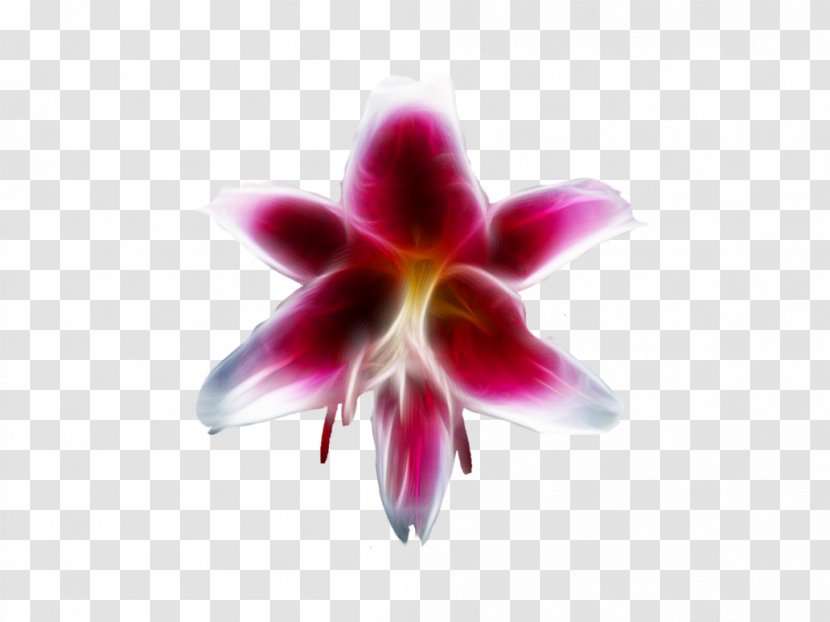 Moth Orchids Close-up - Magenta - Paint White Transparent PNG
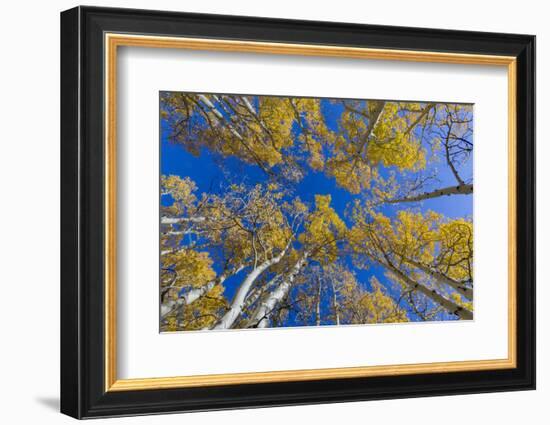 Aspen trees against blue sky in autumn, Grand Staircase-Escalante National Monument, Utah, USA-Jeff Foott-Framed Photographic Print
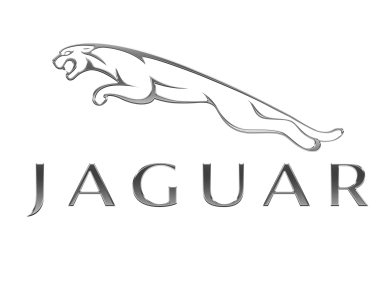 Jaguar Metallic Logo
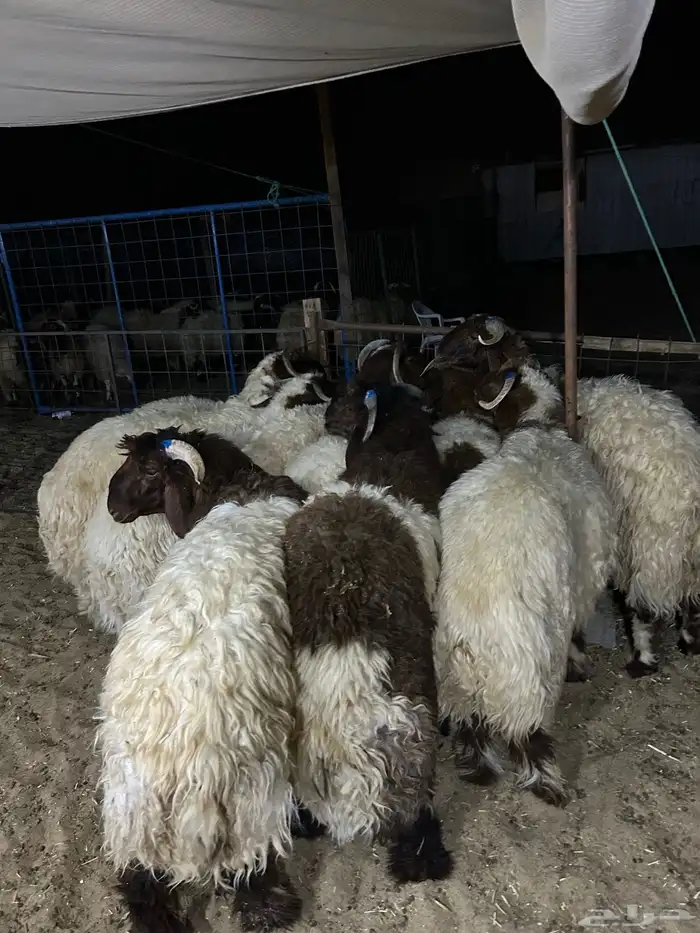 نعيم فاخر كفو مفاطيح ناهيه وهرافي وحريات ثلاجه 4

Work to be completed
A verbatim copy of the listing, with all pictures removed, is required.

Solved exercise
 Moth Orchids Close-up - Magenta - Paint White Transparent PNG
 Aspen trees against blue sky in autumn, Grand Staircase-Escalante National Monument, Utah, USA-Jeff Foott-Framed Photographic Print
 Jaguar Metallic Logo
 نعيم فاخر كفو مفاطيح ناهيه وهرافي وحريات ثلاجه 4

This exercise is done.